To solve the problem of finding the majority element (if it exists), we need to understand what 'majority' means in this context. A majority element is the one that occurs more than n/2 times in the array, where n
is the total number of elements.
Different Situations to Consider
- Case 1: A clear majority element exists
For example, in the array [3, 3, 3, 2, 3, 3], the number 3 appears more than half the time. So it is the majority element and should be returned.
- Case 2: No element appears enough times
In an array like [1, 2, 3, 4], each number appears only once. Since none appear more than n/2 times, the result should be -1
.
- Case 3: Single-element array
If the array has just one element, like [7], that element is automatically the majority because it satisfies the condition (appearing more than n/2 = 0.5 → at least once).
- Case 4: Empty array
An empty array has no elements, so clearly there is no majority. We return -1
.
- Case 5: Two or more elements with equal counts
If the array has balanced occurrences (e.g., [1, 1, 2, 2, 3, 3]), no one element crosses the majority threshold. Again, return -1
.
How Does the Boyer-Moore Voting Algorithm Help?

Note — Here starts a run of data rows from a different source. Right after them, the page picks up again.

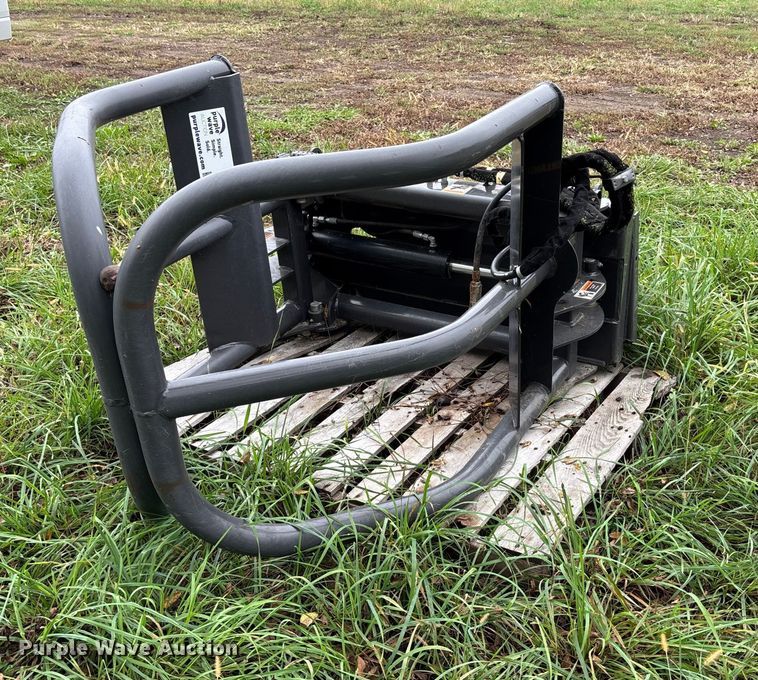 2019 CNH bale grabber - EE4120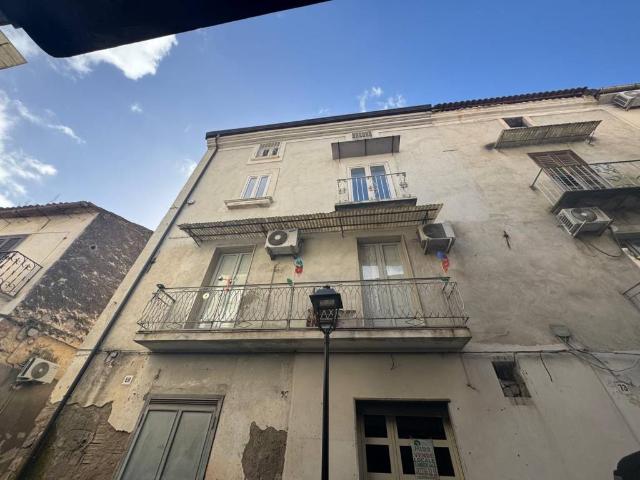 Appartamento in vendita a Vitulazio CE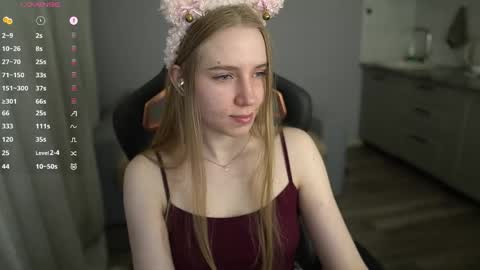 Snapshot of sweet__michelle chatting on 04-13-26, 04:45 Michelle online show from 04-13-26, 04:45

The Boyer-Moore Voting Algorithm is a clever trick that helps us find the majority element in just one pass using constant space. Here's the core idea:
We keep a candidate
and a count
. Initially, count is 0. As we scan the array:
- If count is 0, we choose the current element as a new candidate.

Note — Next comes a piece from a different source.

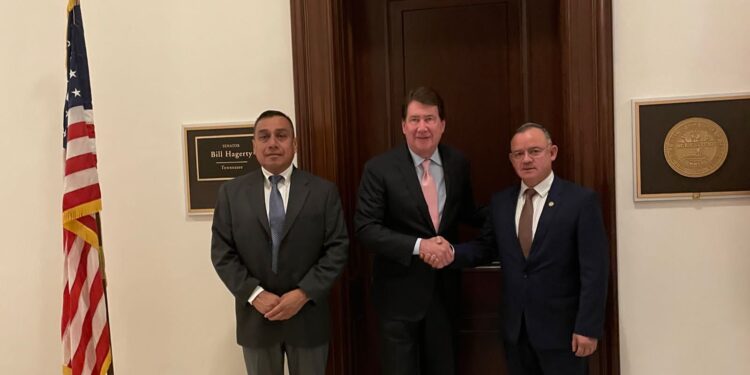 Autoridades guatemaltecas de seguridad fortalecen vínculos con funcionarios de Estados Unidos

- If the current element equals the candidate, we increase the count.
- If it does not match, we decrease the count.
By the end of the loop, the candidate is the majority element if one exists. (You can optionally verify it in a second pass.)
Why This Works
When there is a majority element, the increment and decrement of the count cancel out the influence of non-majority elements. The real majority will always survive this cancellation and remain as the candidate.
This method works in O(n) time and O(1) space, which is optimal for this problem.